In the U.S., the wealth gap between the top earners and the lowest earners has leveled off. About 35 percent of the wealth is owned by the richest 10 percent in the country, and 2 percent of wealth is owned by the bottom 50 percent.
One positive from the report is that the wealth gap between poor and rich countries has actually decreased. The top 10 percent in the wealthiest countries own 38 times more wealth than the bottom 50 percent in poorer nations — down from 53 times higher in 1980.
Inequality across the U.S. has given rise to worker-focused and anti-establishment movements on both sides of the political spectrum, and contributed to the U.K.’s decision to leave the European Union.
And historic spending during the Biden administration — some already passed and some still being negotiated — is aimed at addressing poverty, strengthening the social safety net and creating jobs.
The continued gaps in wealth, largely unchanged since data was tracked in the 19th century, continue to worry those who study the issue.

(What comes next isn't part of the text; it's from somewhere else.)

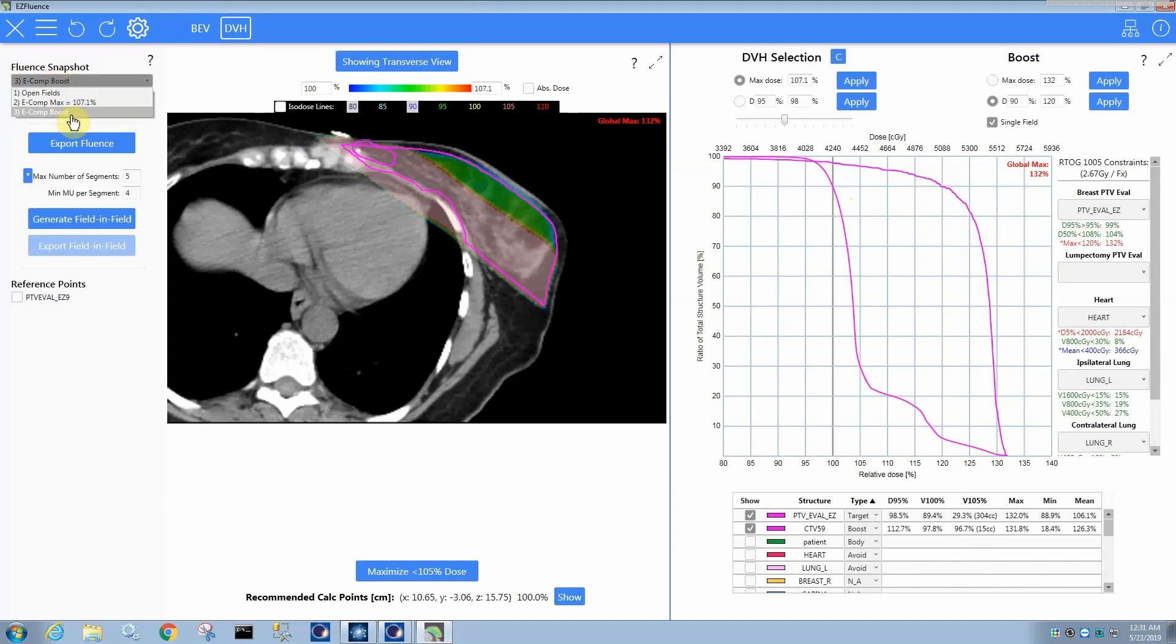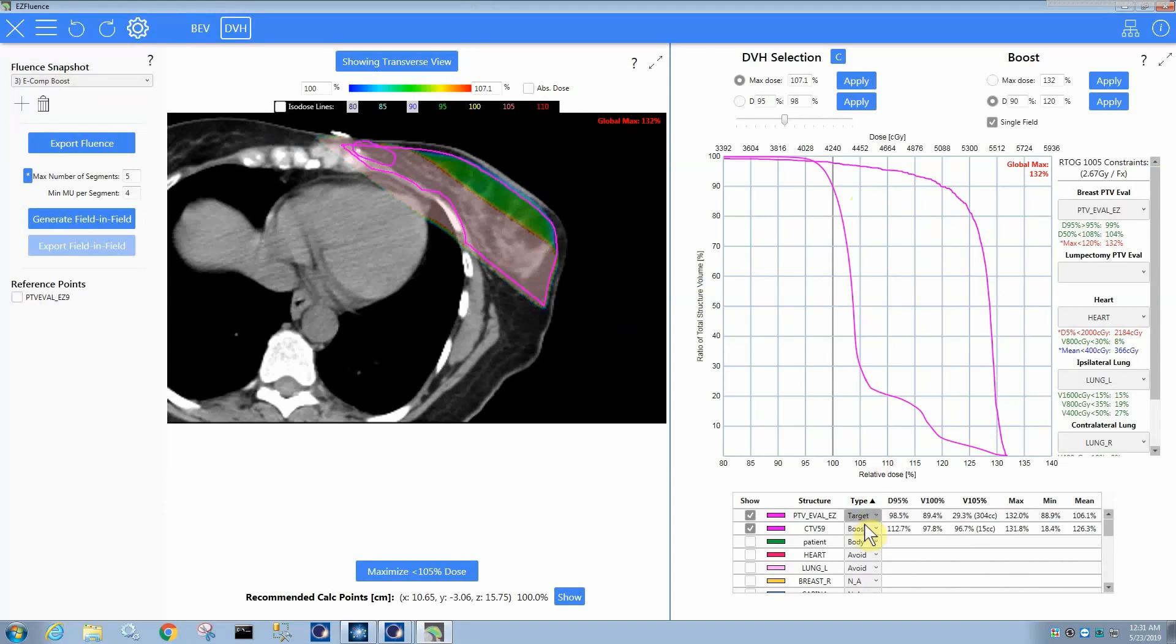It also creates a new snapshot every time you do it, so you can fiddle with it and then jump back and forth if you want to compare. And so, basically it just comes down to setting the boost type to boost for the structure you want to control the dose to, telling it how much dose you want it to get or a max dose and whether you want a single field and then applying that particular boost approach.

Robert Reich, the founder of the organization Inequality Media, said corporations have “scored record profits” and used the 21 months of the pandemic “to siphon off whatever additional power and wealth they could.”
Those with power and wealth could have shown leadership during this pandemic. Instead, in large part, they chose greed.https://t.co/woM6tyI137
— Robert Reich (@RBReich) December 6, 2021
Climate change has also been a major factor in rising inequality, with poorer citizens more likely to be affected by increasing natural disasters and pollution. The United Nations has repeatedly warned that global warming could continue to widen the gap between the wealthy and the poor unless it’s addressed.
In the latest inequality report, the top 10 percent of earners emit close to 50 percent of carbon emissions, while the bottom 50 percent emits just 12 percent.
The report comes from the work of 100 researchers with the World Inequality Lab. Researchers studied and collected data across a four-year time span.